Talk:CESU-8
From Wikipedia, the free encyclopedia
[edit] rewrite
I have started a rewrite at CESU-8/temp as per the instructions in the copyvio template i am reporting it here. Plugwash 13:51, 14 July 2005 (UTC)
- Temp page has replaced the main article. RedWolf 03:34, July 22, 2005 (UTC)
[edit] examples
Can yu please give an example of a string encoded in CESU-8 and in which case it is treated in a special way? -- Nichtich 00:23, 27 October 2005 (UTC)
[edit] Advantages
What are the advantages to UTF-8? --Apoc2400 09:15, 6 December 2006 (UTC)
- I can think of three
- 1: if used for serialisation of strings in languages where strings are natively UTF-16 it won't break if someone decides to use string types for something other than valid UTF-16 data.

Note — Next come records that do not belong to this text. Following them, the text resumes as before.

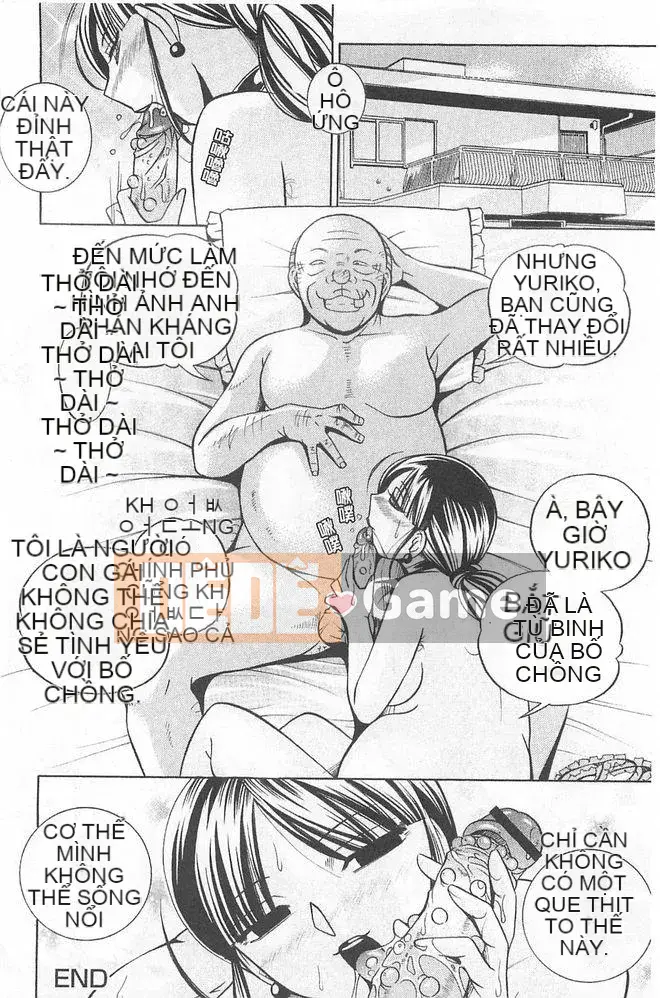 [naruto tiếng trung] Bố vợ ~Yuriko~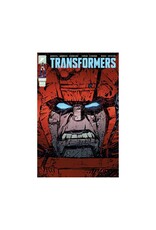 IMAGE COMICS Transformers #12 Cover B Jorge Corona Variant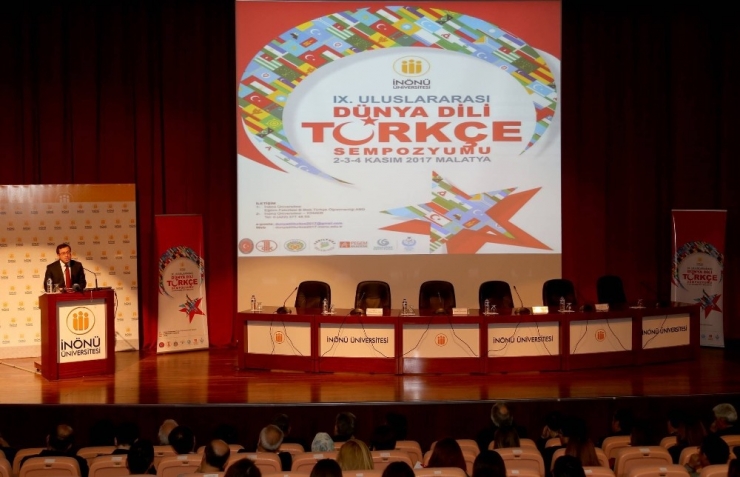 9. Uluslararası Dünya Dili Türkçe Sempozyumu Sona Erdi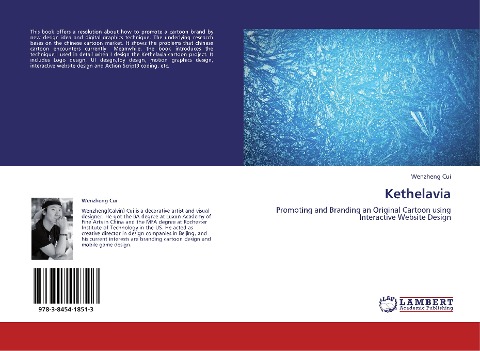 Kethelavia: Promoting and Branding an Original Cartoon using Interactive Website Design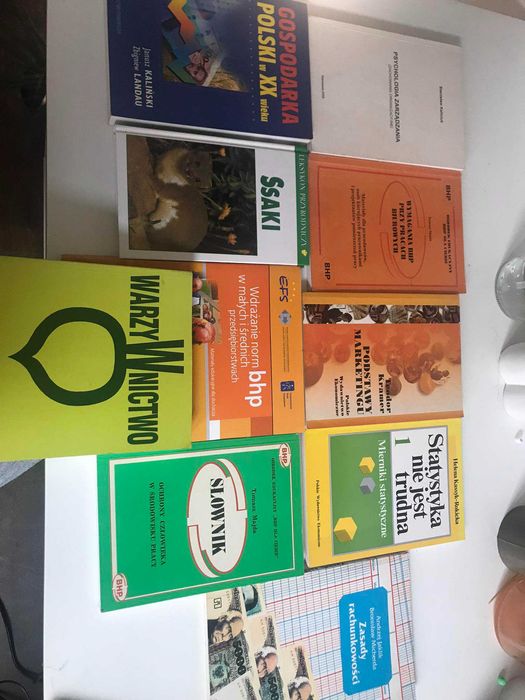 Słownik ochrony człowieka w środowisku pracy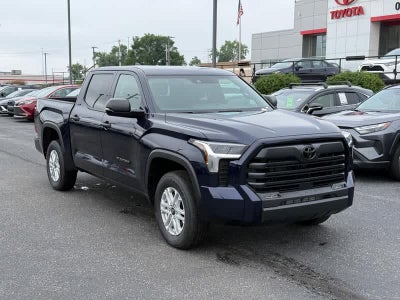 2026 Toyota Tundra SR5 CrewMax 5.5 Bed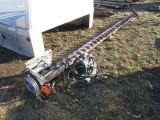 Sweep Auger with Motor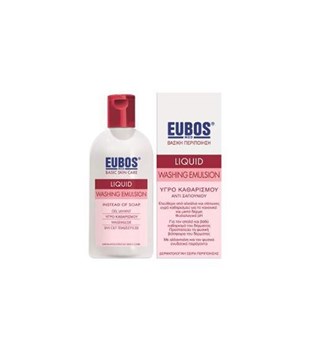 Picture of EUBOS LIQUID RED 200 ml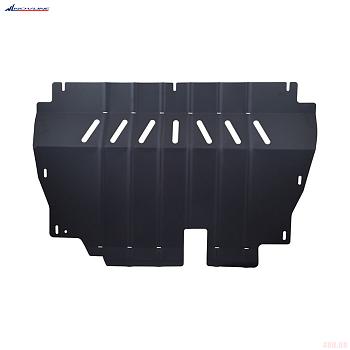 Защита картера для Chery Tiggo 4 FL (2020-2025) № NLZ.63.27.030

- 2: if sorted using a byte orientated sort the result will be the same as using a word orientated sort on UTF-16
- 3: conversion between CESU-8 and UTF-16 is simpler than conversion between UTF-8 and UTF-16
- But as the name suggests the main reason it is used is compatibility with old software. Software that was built to use UCS-2 internally and UTF-8
inexternally and that does not explicitly reject surrogate codepoints can be made to store surrogates (for supplementry characters) by feeding its external interfaces with CESU-8 data (which will be converted to UTF-16 for storage internally). Plugwash 23:07, 7 December 2006 (UTC)